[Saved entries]

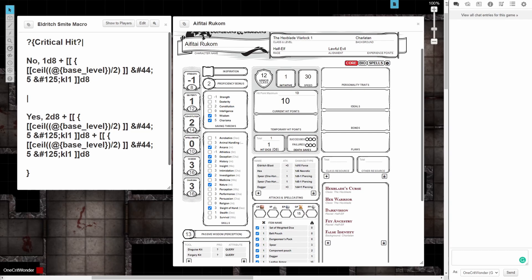What's going on everyone? Today we're going to be looking at a macro for the Warlock's Eldritch Smite ability out of Xanathar's Guide for Everything using the Roll20 Virtual Tabletop.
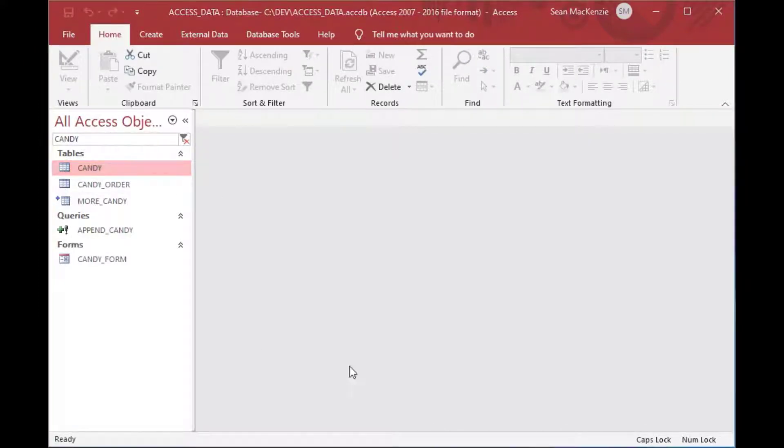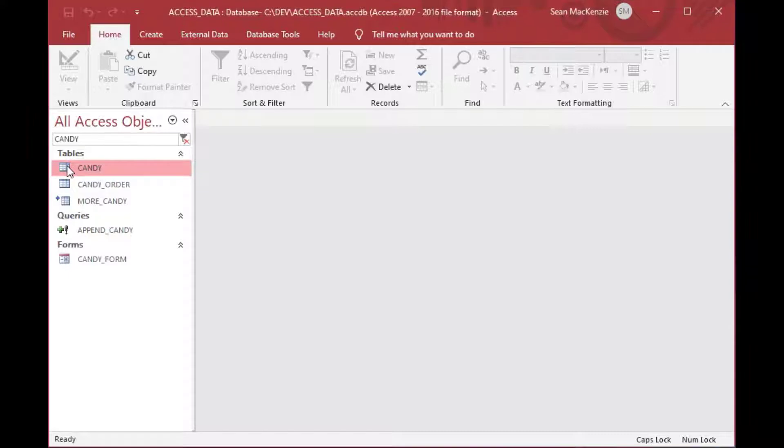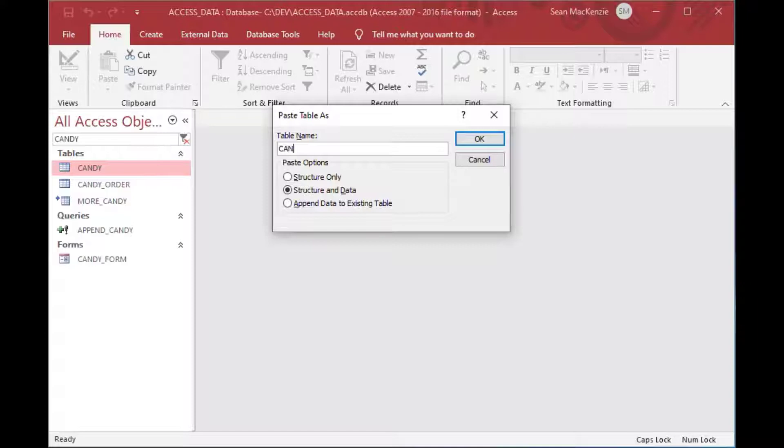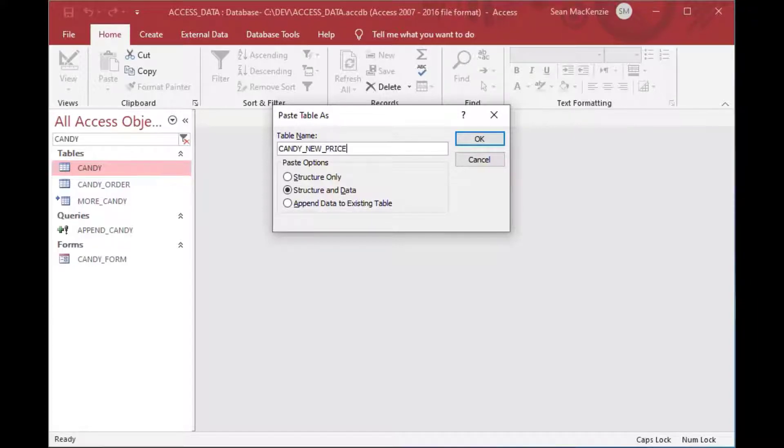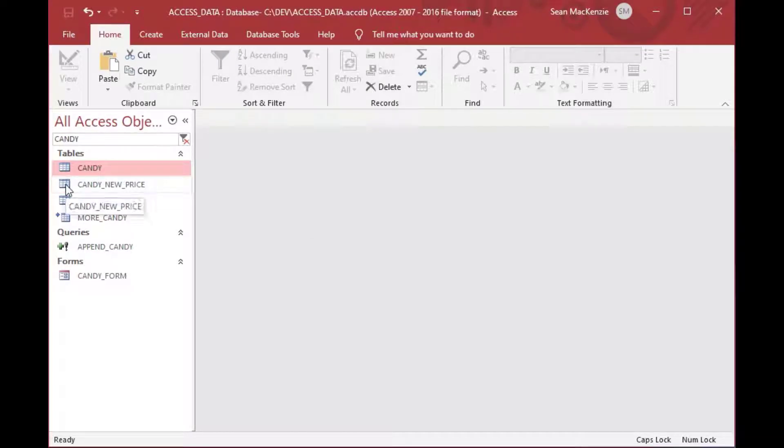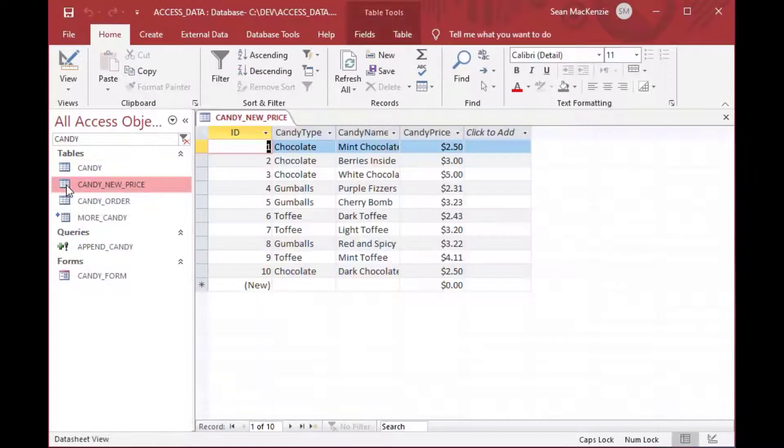And in this example, we're going to do some updates to our candy table. What I'm going to do is I'll make a copy of our candy table, and I'm going to call it candy new prices.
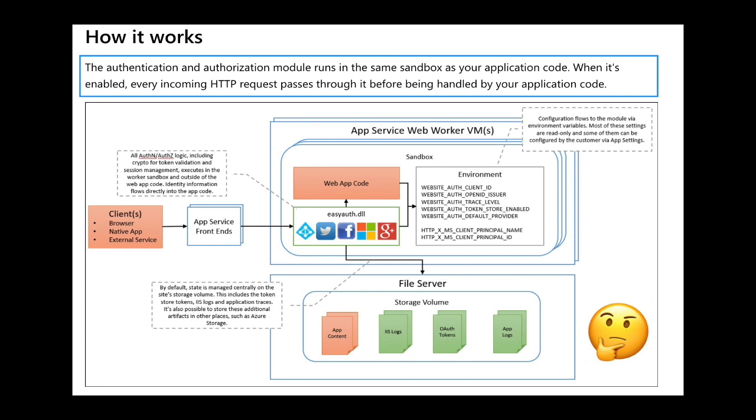The obvious question, however, is how in the world do I get access to my users' information? How do I use this API? That's a good question and I'm getting there, but I need to show you a few more things first.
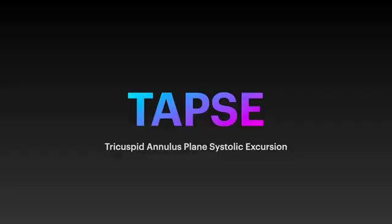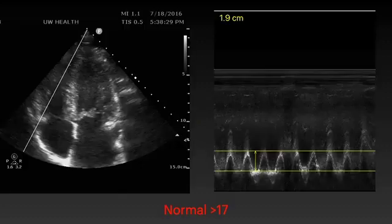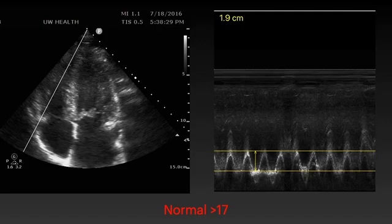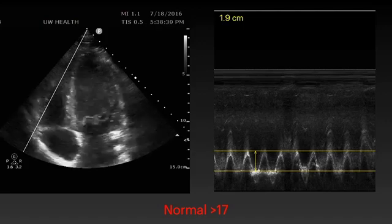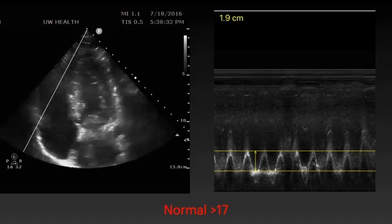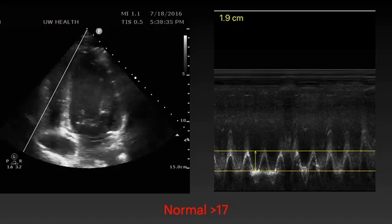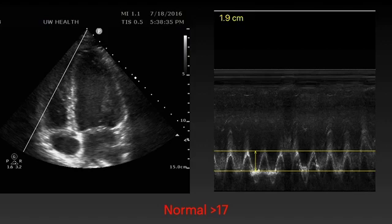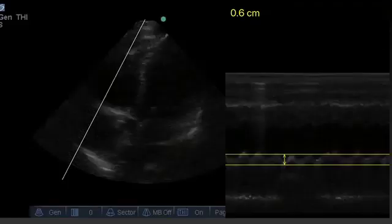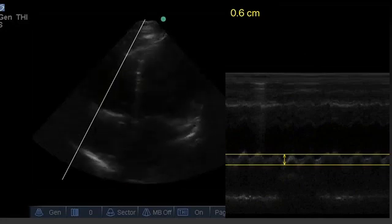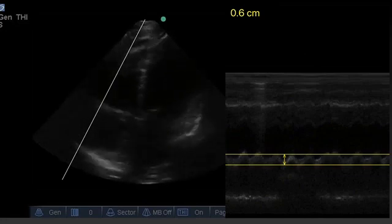You can quantitatively measure RV function by the TAPSE, which is the tricuspid annular plane systolic excursion. It's measuring basically how much the tricuspid valve annulus is moving as well as the right ventricular free wall. In the apical four-chamber view, put the M-mode gate down through where the RV wall meets the tricuspid valve and you'll see a series of humps — this is the movement of the free wall and the valve. You measure how tall this is and that's the TAPSE. You want it to be more than 17, as TAPSE less than 17 correlates with poor RV function, like this echo shows.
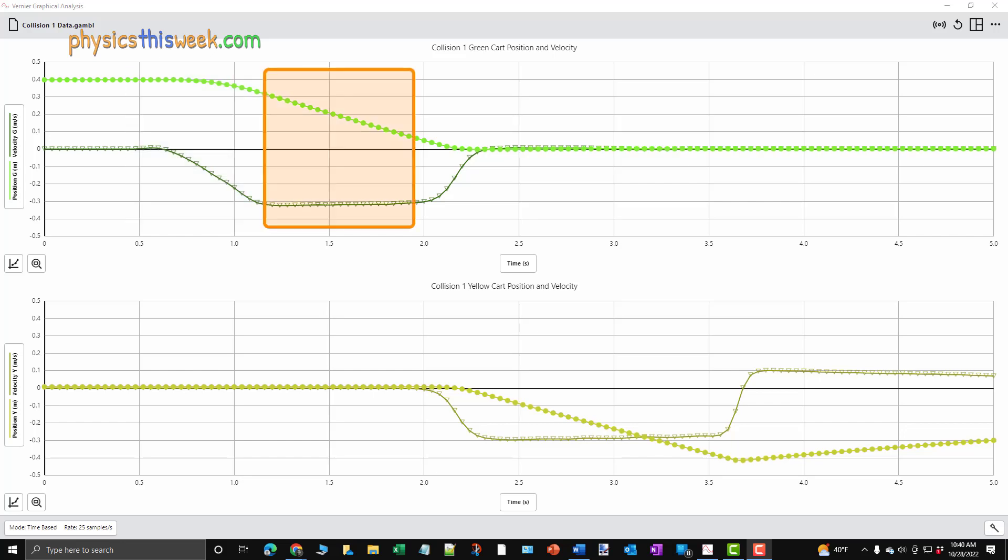After the push, there is a short amount of time where the green cart is moving freely. This is the region that we want to fit. Just before 2.0 seconds, the carts start to interact. This is where we want to end our fitting region.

*Assigned task*:
Give again, please, precisely the lines that begin the records and run through the line with "And in this" in it, keeping both end lines and dropping any pictures.

*Result for this exercise*:
What's going on everyone? Today we're going to be looking at a macro for the Warlock's Eldritch Smite ability out of Xanathar's Guide for Everything using the Roll20 Virtual Tabletop.
And in this example, we're going to do some updates to our candy table. What I'm going to do is I'll make a copy of our candy table, and I'm going to call it candy new prices.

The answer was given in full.